# What this task involves
Your output should be everything below from the line containing "vidaXL Canapé Loveseat" down to the line containing "Horloge radio-pilotée Horissimo", both ends included, copied exactly, with pictures left out.

# Available data
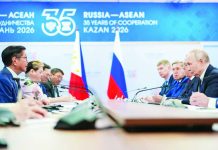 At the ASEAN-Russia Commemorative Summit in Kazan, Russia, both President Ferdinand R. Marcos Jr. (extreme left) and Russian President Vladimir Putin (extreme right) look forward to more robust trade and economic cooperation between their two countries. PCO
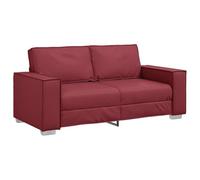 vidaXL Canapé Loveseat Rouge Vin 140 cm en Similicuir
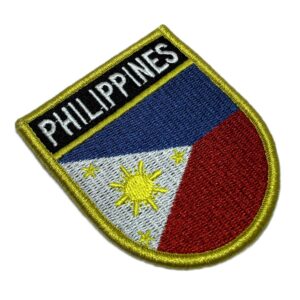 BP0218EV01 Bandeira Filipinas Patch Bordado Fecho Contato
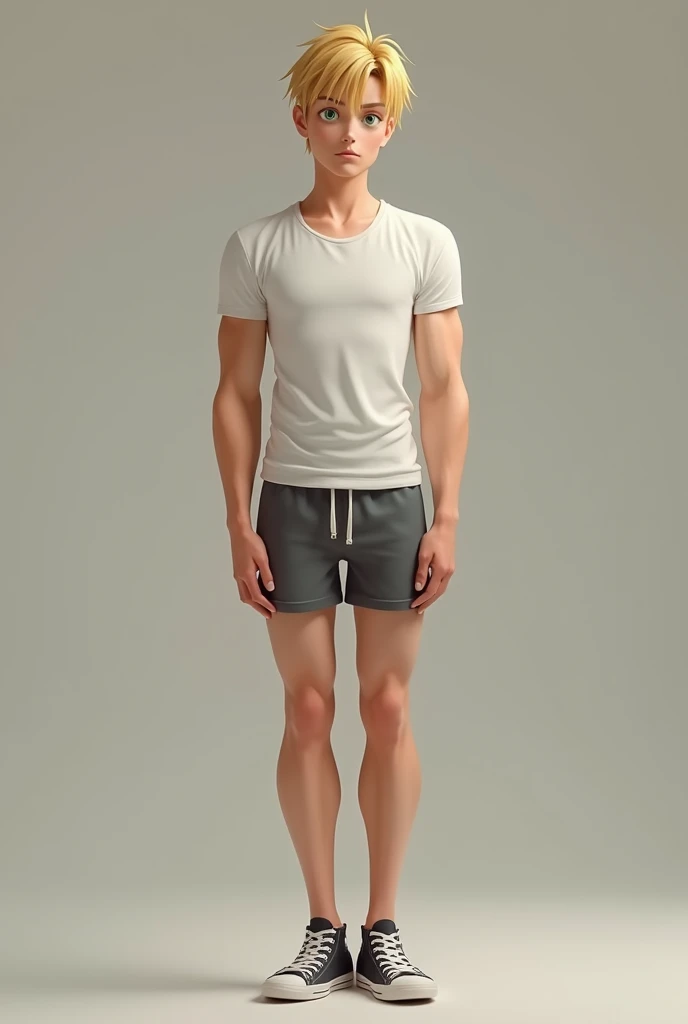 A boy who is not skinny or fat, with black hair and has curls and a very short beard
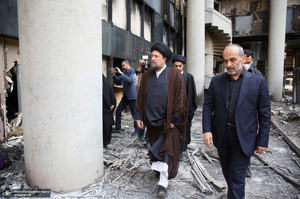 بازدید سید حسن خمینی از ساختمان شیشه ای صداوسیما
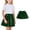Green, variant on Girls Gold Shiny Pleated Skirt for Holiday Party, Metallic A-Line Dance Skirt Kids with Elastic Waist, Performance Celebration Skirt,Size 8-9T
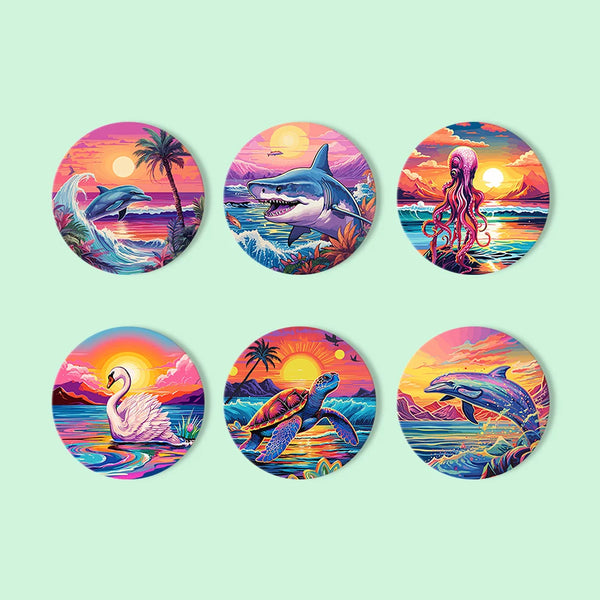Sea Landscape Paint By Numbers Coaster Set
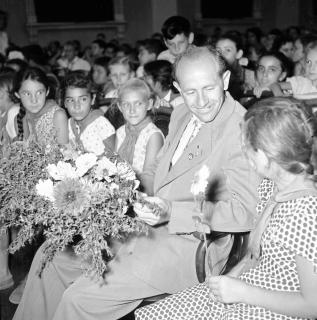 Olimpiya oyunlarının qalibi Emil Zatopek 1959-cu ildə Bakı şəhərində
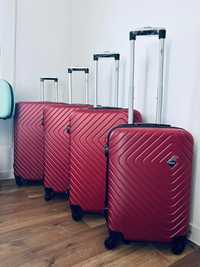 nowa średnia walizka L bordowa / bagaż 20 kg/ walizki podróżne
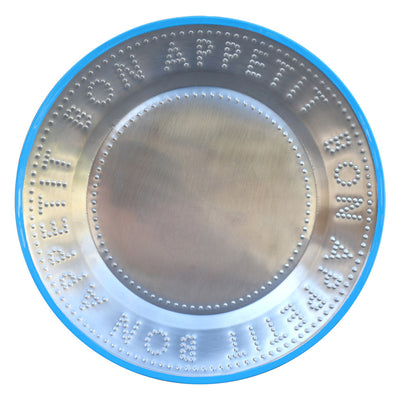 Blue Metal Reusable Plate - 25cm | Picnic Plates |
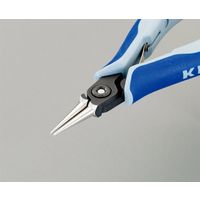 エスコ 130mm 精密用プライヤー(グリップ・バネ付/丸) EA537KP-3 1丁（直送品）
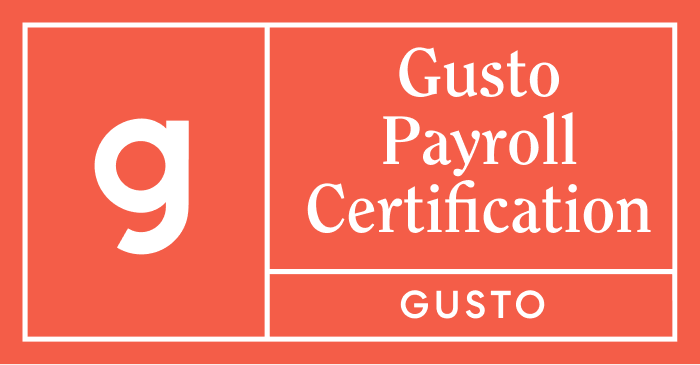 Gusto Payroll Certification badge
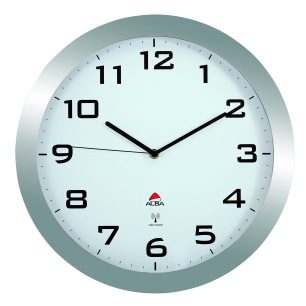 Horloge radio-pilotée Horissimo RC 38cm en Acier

* * *

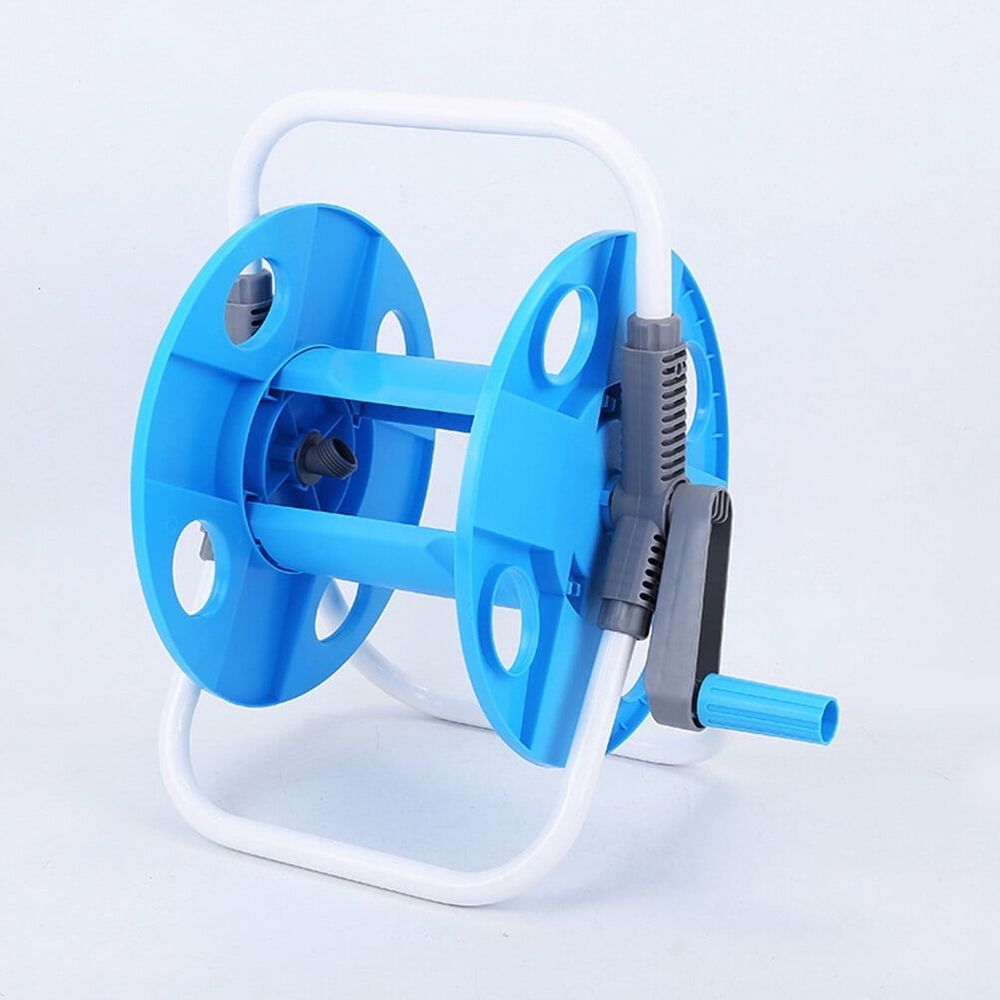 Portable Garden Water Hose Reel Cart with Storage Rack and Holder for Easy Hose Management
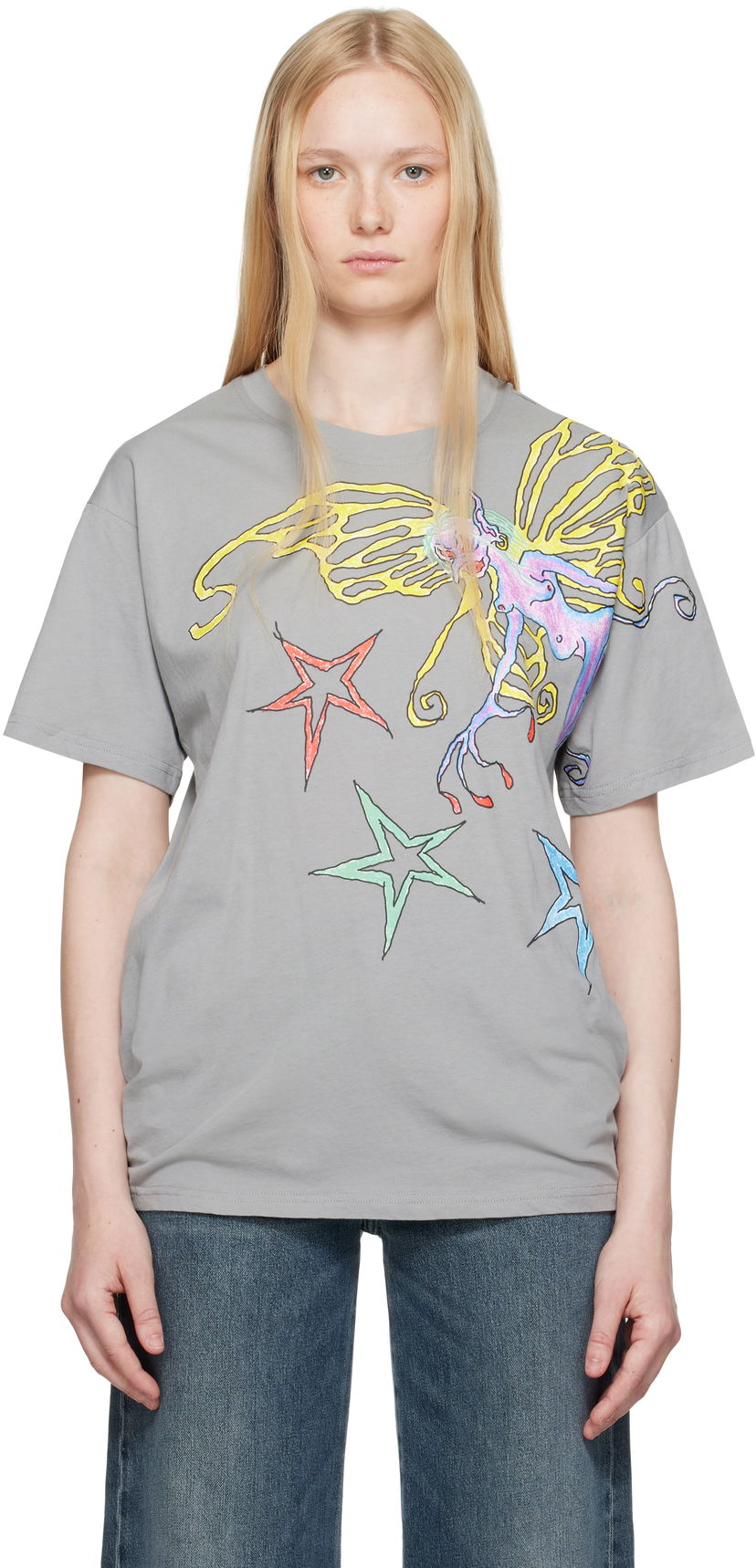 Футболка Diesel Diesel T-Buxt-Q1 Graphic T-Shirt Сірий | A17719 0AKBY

# Answer space
 vidaXL Canapé Loveseat Rouge Vin 140 cm en Similicuir
 BP0218EV01 Bandeira Filipinas Patch Bordado Fecho Contato
 A boy who is not skinny or fat, with black hair and has curls and a very short beard
 بازدید سید حسن خمینی از ساختمان شیشه ای صداوسیما
Green, variant on Girls Gold Shiny Pleated Skirt for Holiday Party, Metallic A-Line Dance Skirt Kids with Elastic Waist, Performance Celebration Skirt,Size 8-9T
Sea Landscape Paint By Numbers Coaster Set
 Olimpiya oyunlarının qalibi Emil Zatopek 1959-cu ildə Bakı şəhərində
 nowa średnia walizka L bordowa / bagaż 20 kg/ walizki podróżne
 Blue Metal Reusable Plate - 25cm | Picnic Plates |
 エスコ 130mm 精密用プライヤー(グリップ・バネ付/丸) EA537KP-3 1丁（直送品）
 Gusto Payroll Certification badge
 Horloge radio-pilotée Horissimo RC 38cm en Acier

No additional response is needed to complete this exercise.